The Court said that the copies made of copyrighted material during the process of internet browsing do not conflict with the normal exploitation of those works because the technical process behind the copying is part of the normal way internet users "avail themselves of the communication to the public made by the publisher of the website concerned".

"Given that the creation of the copies in question forms part of such viewing, it cannot operate to the detriment of such an exploitation of the works," the CJEU said.

The CJEU had been asked to provide its opinion in the case by the UK's Supreme Court. The Supreme Court had given its provisional view that because the copying involved in the process of internet browsing was necessary for the internet to work and was only temporary and "transient or incidental" in nature, the activity could be undertaken without requiring a licence from rights holders.

However, the Supreme Court sought a definite ruling from the CJEU on the matter after after recognising that the issue had "a transnational dimension" with potential implications for "many millions of people across the EU".

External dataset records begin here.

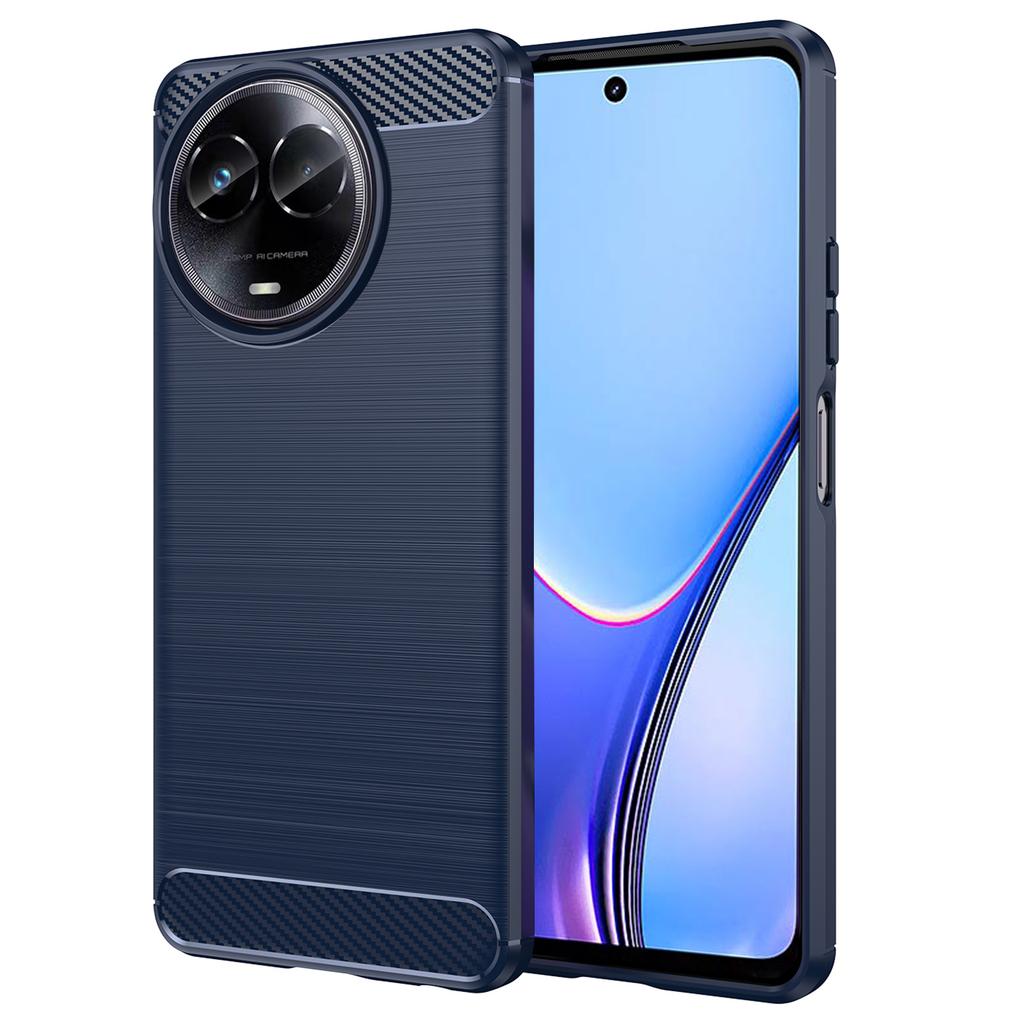 For Realme V50s 5G Case Shockproof Carbon Fiber Texture TPU Cell Phone Cover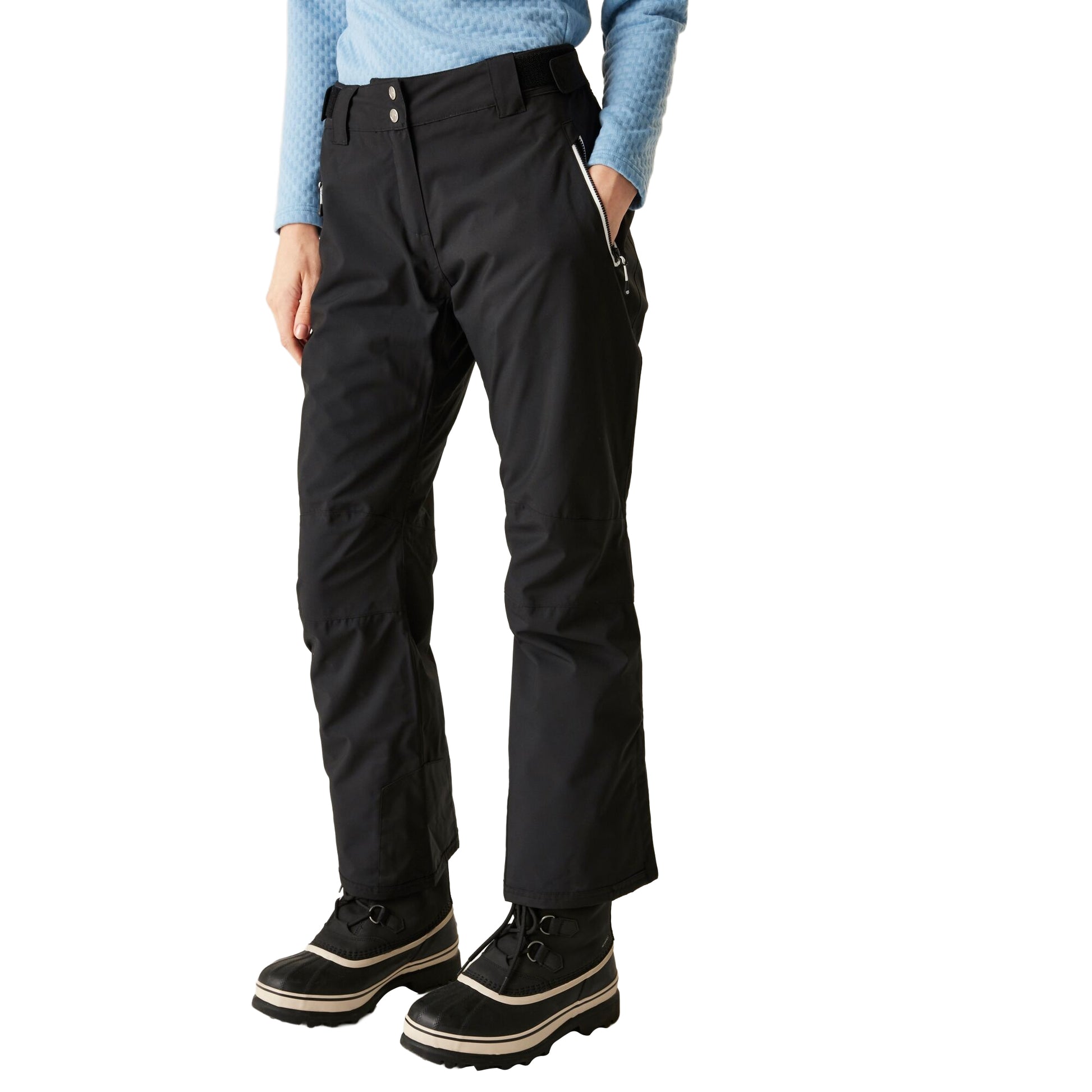 Black-White - Lifestyle - Dare 2B Womens-Ladies Effused II Waterproof Ski Trousers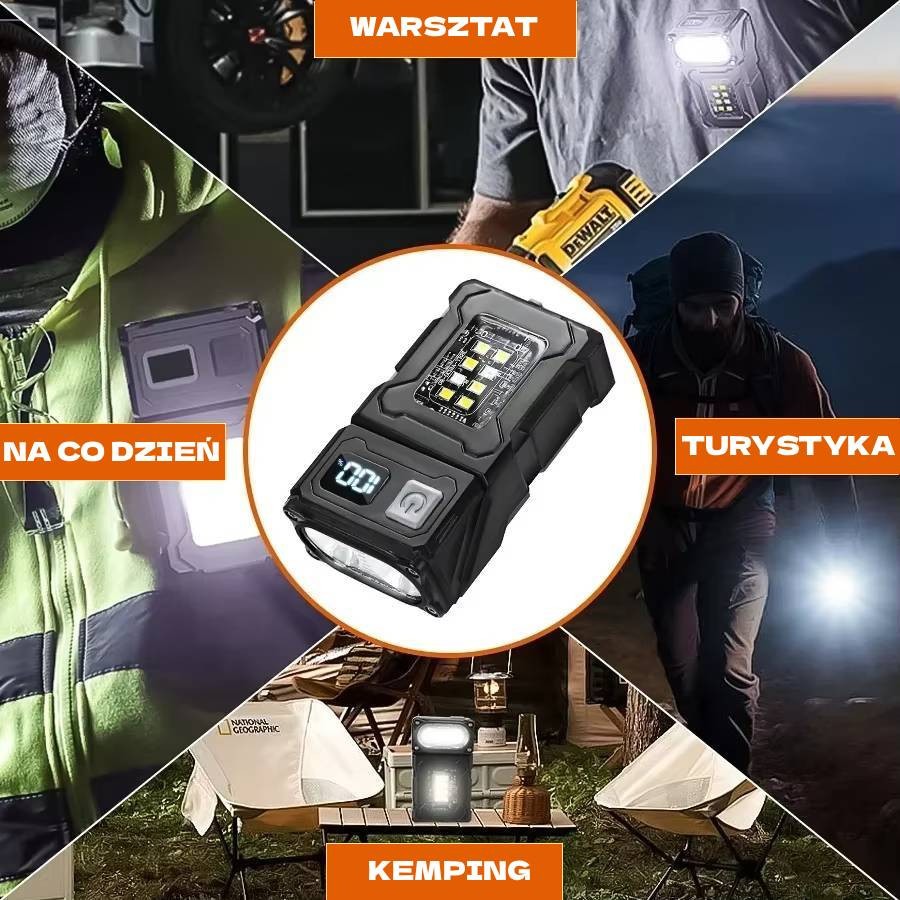 Tactical flashlight, COB LED light with built-in swivel head + USB Type-C magnet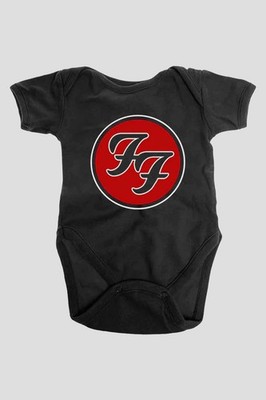 Foo Fighters Baby Grow FF Band Logo neu offiziell schwarz 0 bis 24 Monate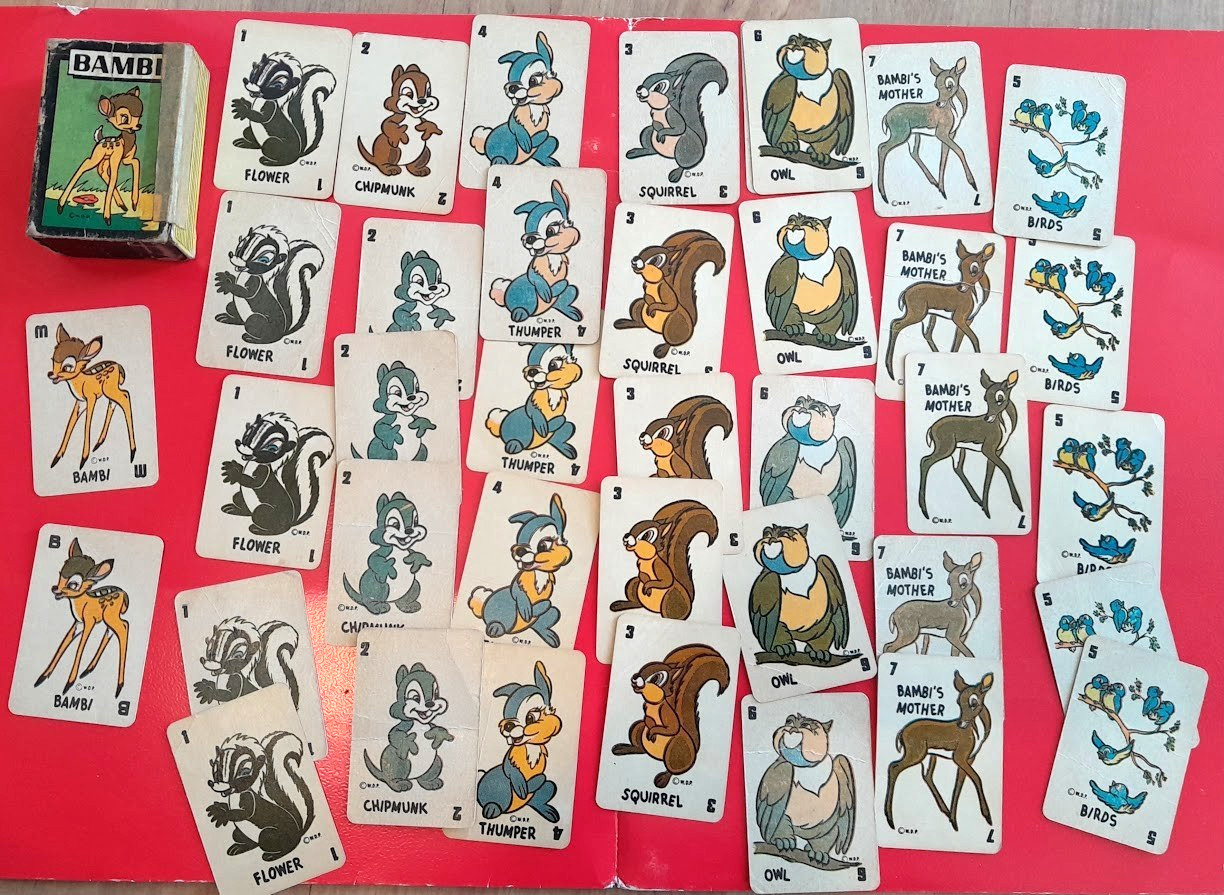 Vintage 1946 Disney Miniature Playing Card Game Set BAMBI Russell Mfg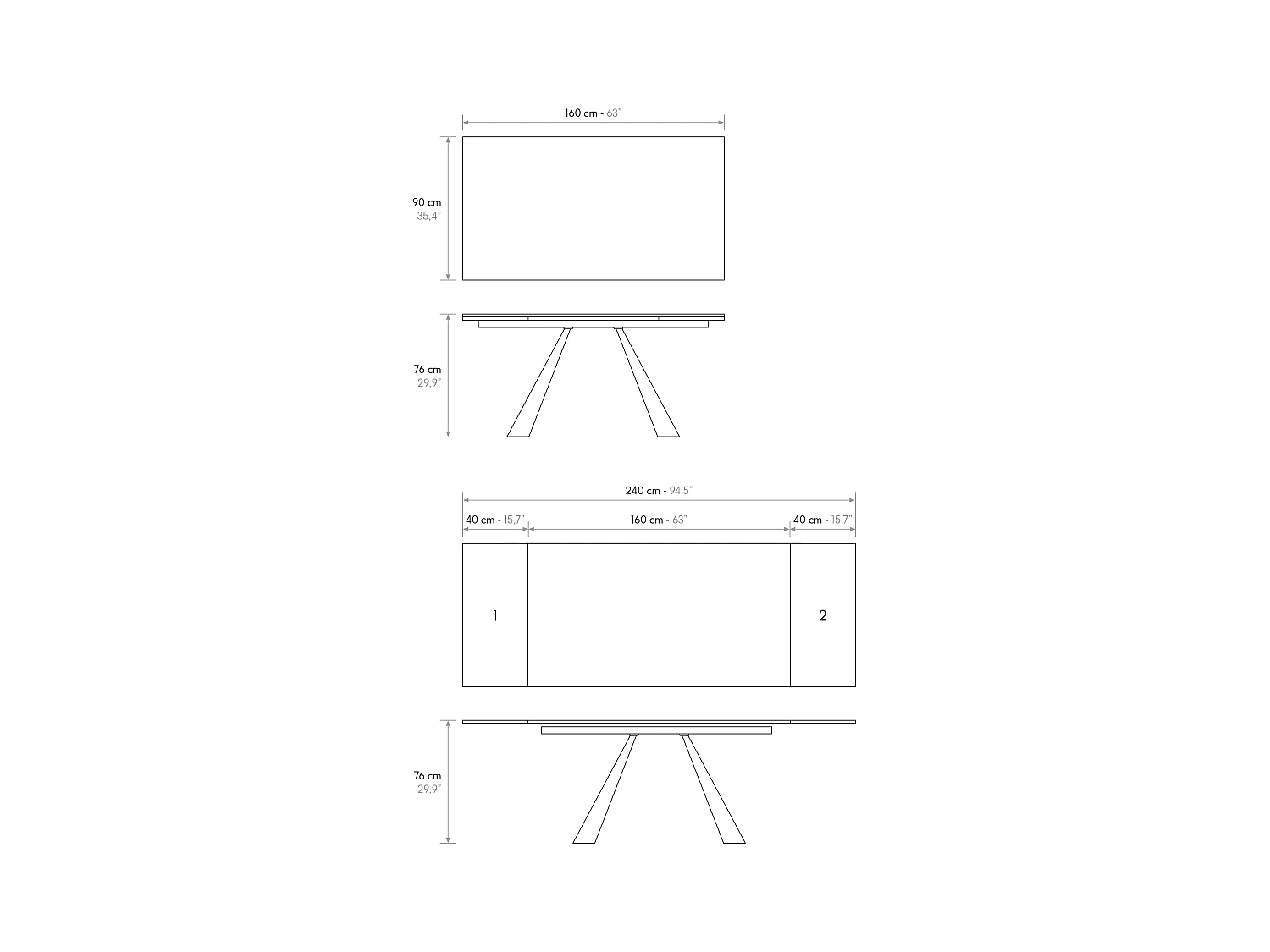 Tavolo allungabile Adriano, Top in ceramica nero golden, gambe in metallo nere a U, 160x90 cm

Under EU copyright laws rights holders are entitled to charge licence fees to those that make temporary copies of their copyrighted works. But the Copyright Directive also provides that rights holders may not charge fees if those temporary copies are "an integral and essential part of a technological process whose sole purpose is to enable [either] a transmission in a network between third parties by an intermediary, or a lawful use of a [copyright] work", providing the copy has "no independent economic significance".

The legitimacy of internet browsing without copyright owners' consent is significant to a licensing dispute between media monitoring firm Meltwater and the Newspaper Licensing Agency (NLA), which the Supreme Court has provisionally ruled on and will now have to issue a final judgment about.

At particular issue in the dispute is whether Meltwater's customers would require an 'end user' licence if Meltwater provided its customers access to publishers' content via a page on its own website as opposed to including the information within an email to those customers. Meltwater has previously accepted that it needs a separate licence from the NLA to cover its own use of the newspapers' content.

Intellectual property law expert Iain Connor at Pinsent Masons, the law firm behind Out-Law.com, said the ruling was a "common sense decision". 

"As long as the content has been made available lawfully on the website, an end user to whom the website is directed must be allowed to view it on their own device," Connor said. "It remains a problem for rights holders that consumers believe because content is on the internet it is ‘free’ to use for other purposes which of course is not the case. This decision makes clear that in order to fall within this exception the use must not conflict with the legitimate interests of the rights holder."